Typhoon Nock-Ten made landfall in the eastern island province of Catanduanes at 6:30 pm (1030 GMT), the state weather service said.
There were no immediate official reports of damage or casualties from the storm, one of the strongest this year to hit the disaster-prone archipelago on the Pacific Rim.
The military and local governments earlier moved at least 102,000 people from the coasts and other hazardous areas of Catanduanes and the nearby Bicol peninsula, provincial officials said, after experts warned of possible huge waves, floods and landslides.
The typhoon was forecast to sweep west and threaten the country's most densely populated areas including the capital Manila on Monday morning.
"It would pass over land overnight and we hope that would dissipate the typhoon's strength somewhat," state weather forecaster Lorie de la Cruz told AFP.
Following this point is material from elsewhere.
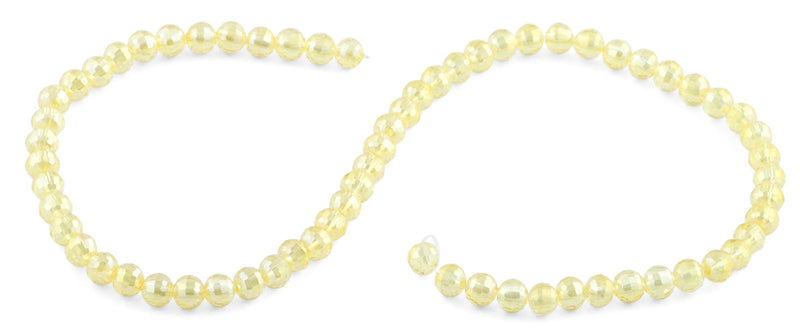 6mm Clear Yellow  Round Faceted Crystal Beads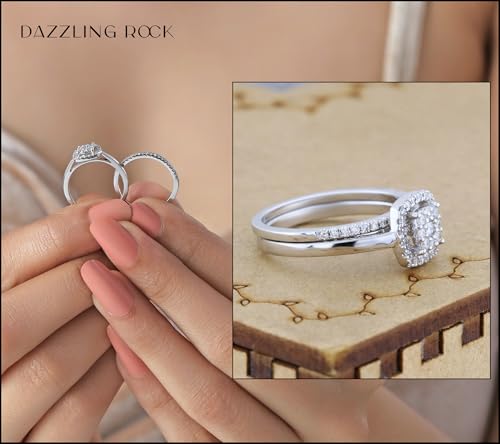 Dazzlingrock Collection 0.30 Carat Round White Diamond Square Cluster Wedding Ring Set for Her in 10K Solid Gold3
She said maximum sustained winds were 185 kph at 0900 GMT but the agency did not have the figure during landfall itself.
In the Bicol region in the south of the main island of Luzon, babies, toddlers and old people were loaded onto military trucks in pouring rain earlier Sunday as the weatherservice warned of possible storm surges up to 2.5-metres (eight-feet) high, landslides and flash floods.